[[ Given records, beginning ]]

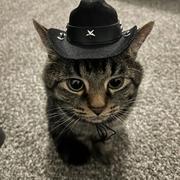 Raelbb的个人资料头像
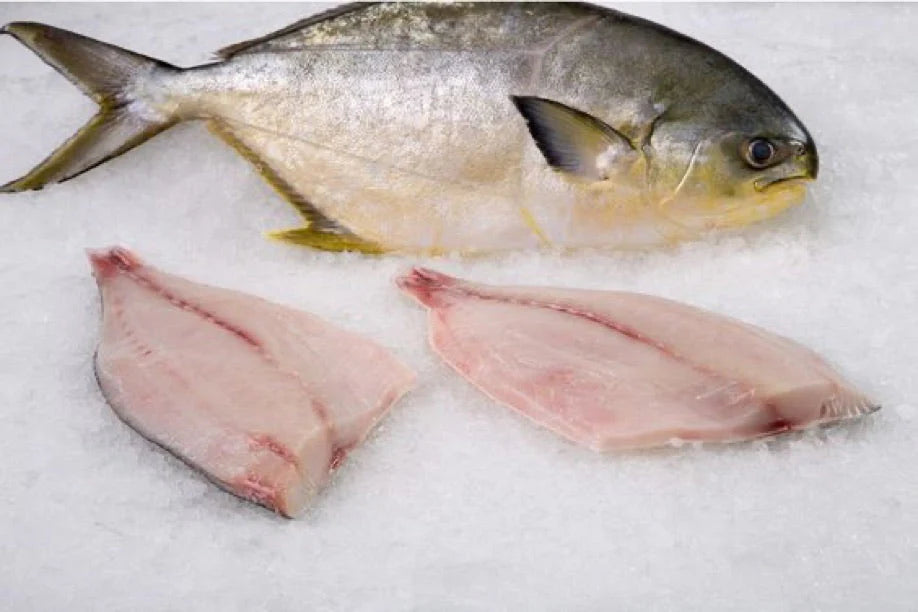 Pompano (3lb)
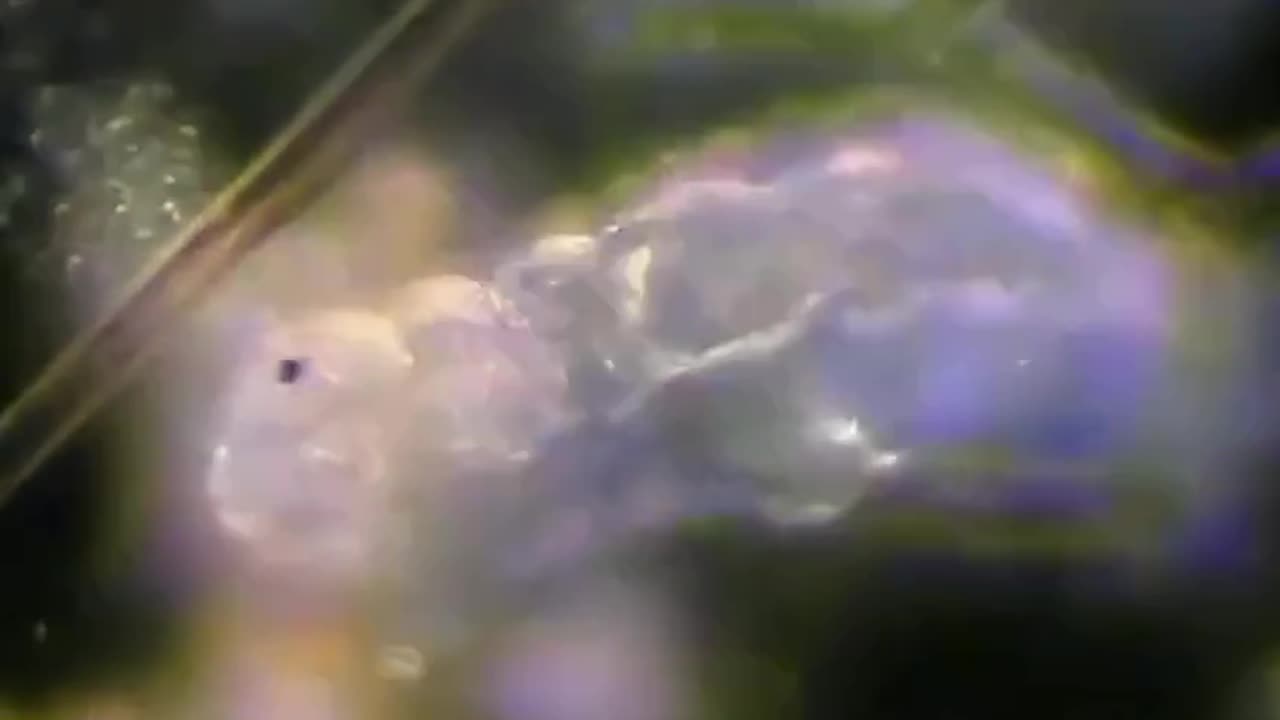 A TARDIGRADE WALKS AMONG ALGAE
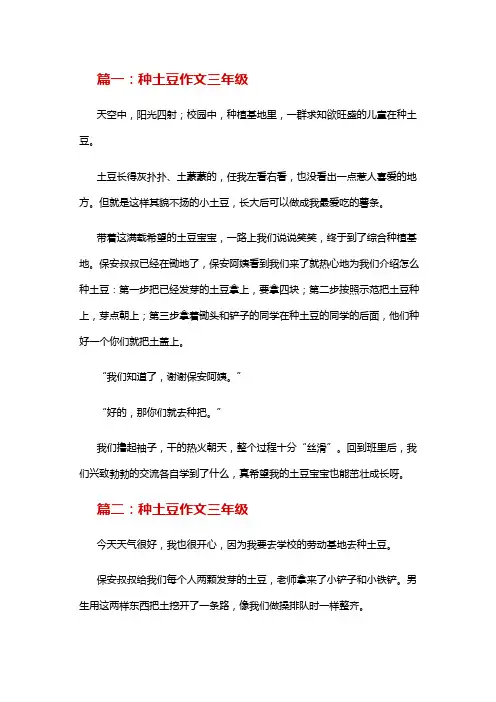 三年级作文种土豆300字研学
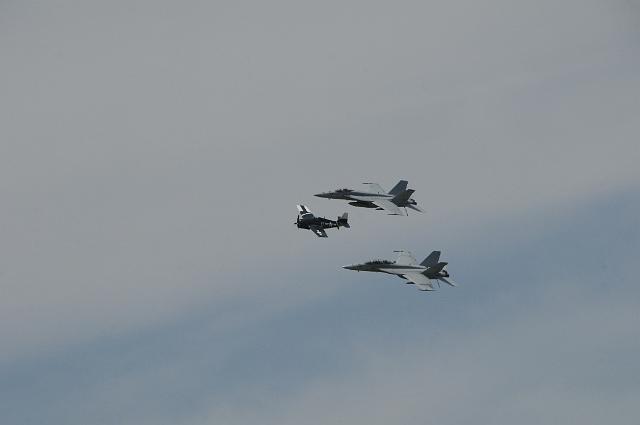 DSC_1425.JPG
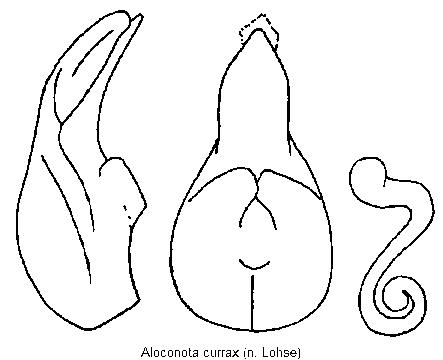 aloconota_currax.gif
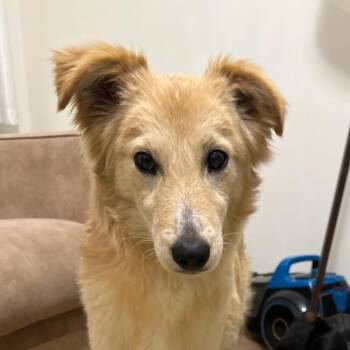 Collie Dogs Available for Adoption in Toronto, Ontario - Puffy | PetCurious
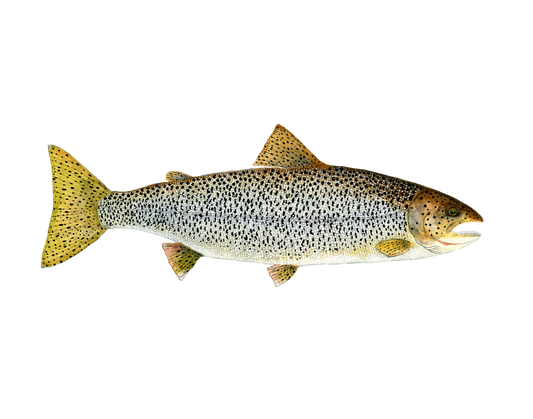 Cutthroat Trout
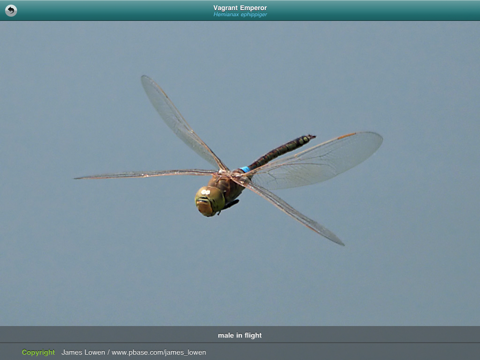 Dragonflies & Damselflies screenshot 2
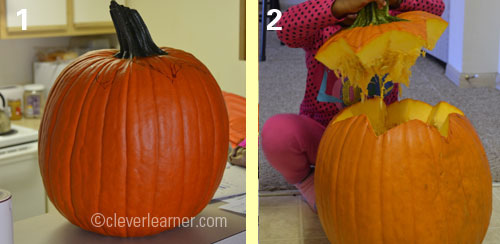 Preparing the pumpkin to carve a jack-o-lantern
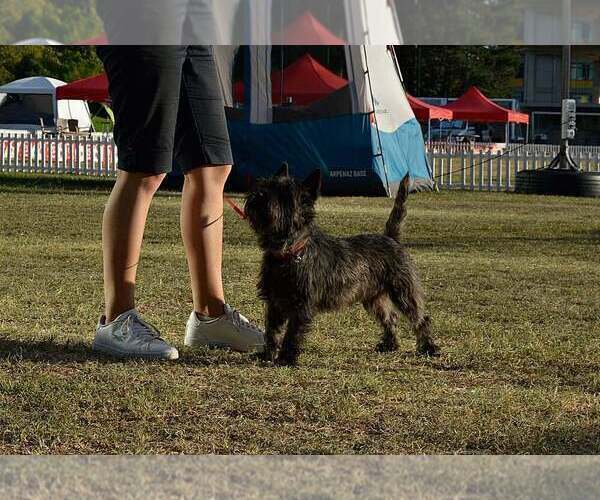 Medium Photo #1 Cairn Terrier Puppy For Sale in Zarnesti, Brasov, Romainia
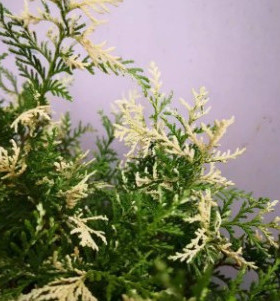针叶树 柏类 紫荆Chamaecyparis Obtusa‘Ｇlobosa Ｖariegata'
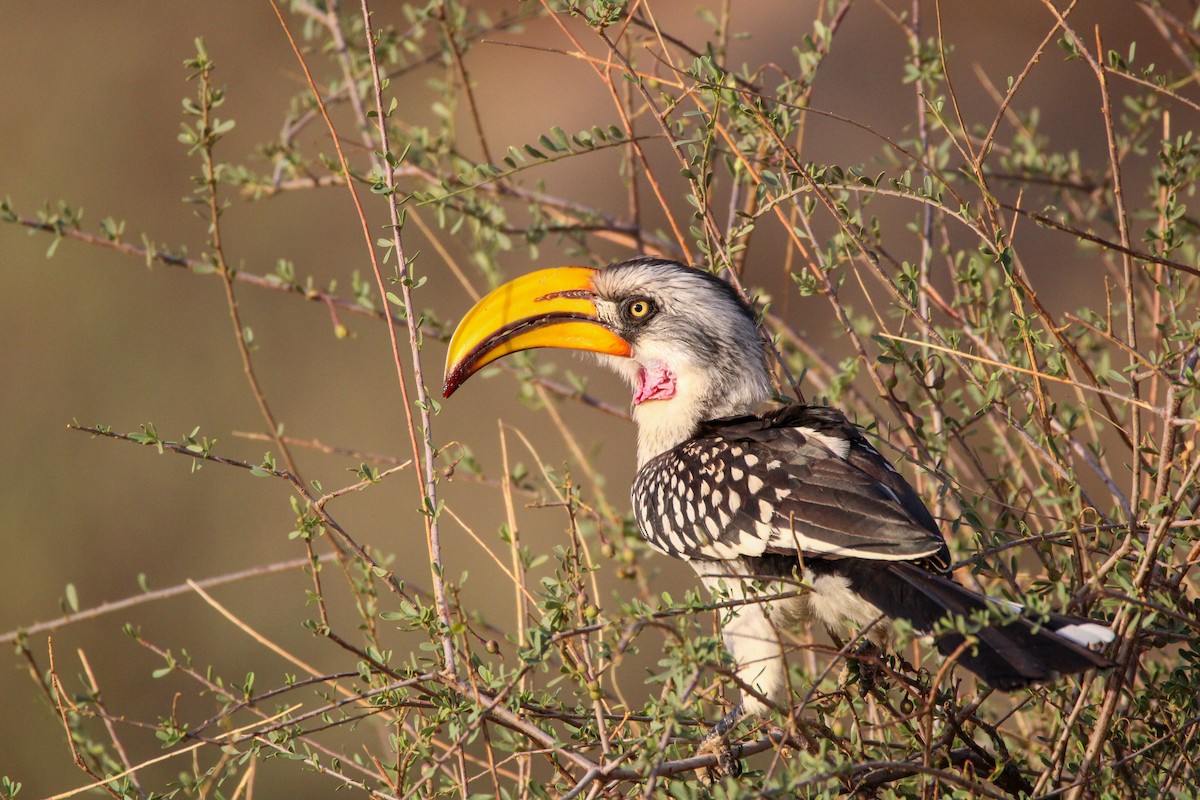 Eastern Yellow-billed Hornbill - ML642745345
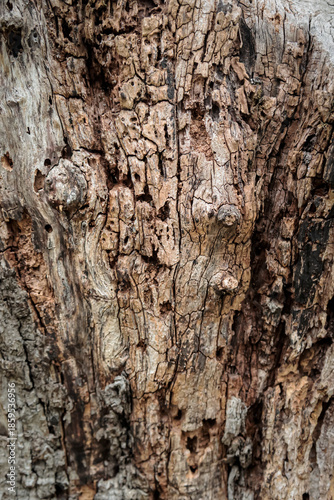 Wallpaper Mural Old decaying tree bark photographed in Imereti, Georgia. Detailed texture with cracks, cavities and weathering — natural pattern from a subtropical forest environment Torontodigital.ca
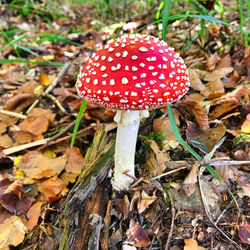 Close-up of fly agaric mushroom on field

[[ Given records, end ]]

--- What the exercise asks ---
Output exactly, and with no pictures, the lines from the line that holds "Preparing the pumpkin" through the last line of the listing above.

--- Answer box ---
 Preparing the pumpkin to carve a jack-o-lantern
 Medium Photo #1 Cairn Terrier Puppy For Sale in Zarnesti, Brasov, Romainia
针叶树 柏类 紫荆Chamaecyparis Obtusa‘Ｇlobosa Ｖariegata'
 Eastern Yellow-billed Hornbill - ML642745345
 Wallpaper Mural Old decaying tree bark photographed in Imereti, Georgia. Detailed texture with cracks, cavities and weathering — natural pattern from a subtropical forest environment Torontodigital.ca
 Close-up of fly agaric mushroom on field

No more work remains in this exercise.